IF(something wrong) STOP

Often a program written in haste will omit sanity checks

ALLOCATE(ARRAY(nElements))

Which abort during allocaiton

With defensive code

ALLOCATE(ARRAY(nElements), STAT=iErr)
IF(iErr .NE. 0) STOP

This is good practice. However, as you observed, issuing a STOP is not productive in debugging software errors.

What I prefer to do is to replace the STOP with a call to asubroutine named DOSTOP and which takes an argument.

IF(iErr .NE. 0) CALL DOSTOP('FileName - Memory Allocation Error')

And where

SUBROUTINE DOSTOP(CVAR)
 USE YourIoMod
 CHARACTER*(*) CVAR

 WRITE(IOUERR,*) CVAR
 WRITE(*,*) CVAR

 ! place break point here
 STOP 'DOSTOP'
 RETURN
END SUBROUTINE DOSTOP

Compile even the release version with debug information but compile DOSTOP without optimizations. DOSTOP is used in all versions.

When break occures you can examine variables and call stack.
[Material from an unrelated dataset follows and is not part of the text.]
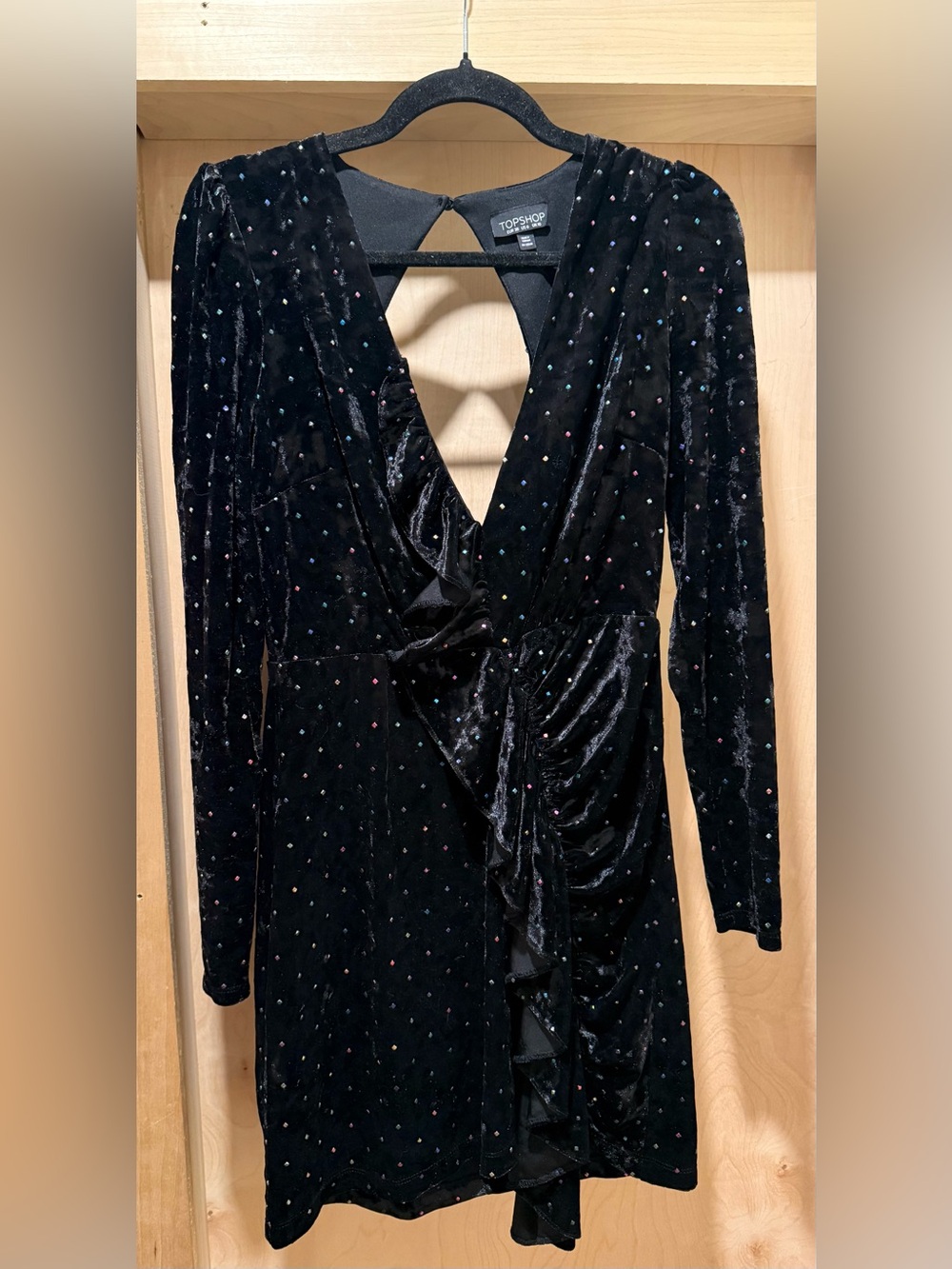 Topshop Black Velvet Dress with Iridescent Rhinestone Accents Size 6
When you locate where the error came from and if due to optimizations you are unable to determine the cause of the problem then you can recompile the file (which produced or detected the error) with optimizations off. Then re-run to reproduce the error. Work your way out and back to the source of the problem. Once found and corrected, you can re-optimize those files again.

Note, if the error is potentially correctible you can place the "Next Statemen" at the RETURN then step out of the DOSTOP. Once in the calling subroutine you can move the "Next Statement" in an attempt to follow the programming sequence that caused the error.

Jim Dempsey

oh_moose · ‎01-04-2008

Hi Jim,

Happy New Year to you and everybody else here.
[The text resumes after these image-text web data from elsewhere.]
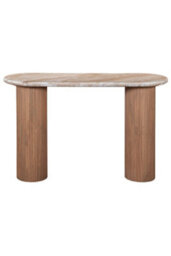 Upton Natural Marble And Wood Pedestal Console Table - thumbnail 2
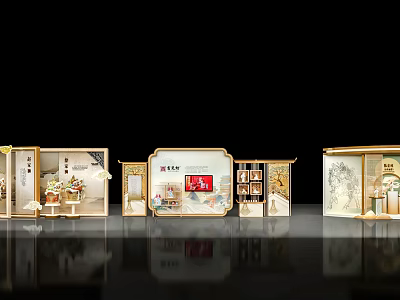 Interactive Zone For Intangible Cultural Heritage With Traditional Exhibition Booths And Decorative Displays 3d model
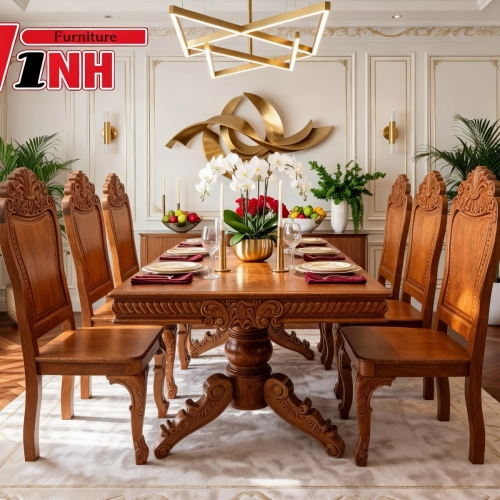BỘ BÀN ĂN HCN + 6 GHẾ TỰA VUÔNG GỖ GÕ ĐỎ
My software was written for VMS and now I am trying to make it work on Linux. I do use services like LIB$SIGNAL and LIB$STOP (if you are familiar with those) and have plenty of consistency checks in my source code. A microsecond spent on those checks saves me hours of debugging. I have a full implementation of these two VMS services for Linux (including a Message utility for VMS-style .MSG files, if someone is interested). It would be nice to have access to the ifort traceback routine (missing documentation). It would be even better to have the debugger stop the program at the right point. But the primitive Linux "backtrace" works as temporary hack for now and I can easily set a break point at LIB$STOP. That is not the problem.
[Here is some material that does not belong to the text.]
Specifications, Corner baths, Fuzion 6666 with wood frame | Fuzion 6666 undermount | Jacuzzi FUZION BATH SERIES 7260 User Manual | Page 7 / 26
The problem occurs when the Fortran RTL decides to end the program. On a VMS system at least I get the traceback and know where it happens. With the VMS debugger I may even have access to various variables (if they are not optimized away - hello, seen that gem before?).

jimdempseyatthecove · ‎01-04-2008

Oh_moose,

Welcome back,

Most internal IVF errors are echoed to the "console". If you run as a console application then the error messages would tend to hang around for you to read. If your application is windowed (non-console) then the message may end up in NULL. I believe you can set an environment variable to indicate a file name for an IOUNIT. You should be able to route the "console" output to a file for your review after the program takes a dive. If setting environment variables:

FOR_PRINT is stdout - write(*,f) iolistandprint f,iolist
FOR_TYPE is stdout - type f,iolist
FORT0 is stderr - write(0,f) iolist
FORT6 is stdout - write(6,f,) iolist

Depending on what the author used, one of those should have the error message. Hopefuly the author writes some message instead of simply stopping with an error number.

Jim Dempsey

jimdempseyatthecove · ‎01-04-2008

Also

STOP produces a call to "_for_stop_core". So you could potentially place a break point there. Don't quite know what DLL is going to do. You may also have to look at the other exit/abort/terminate library function calls and place break points on those as well.

Jim Dempsey

oh_moose · ‎01-05-2008

(Redirecting the output is not the issue here.)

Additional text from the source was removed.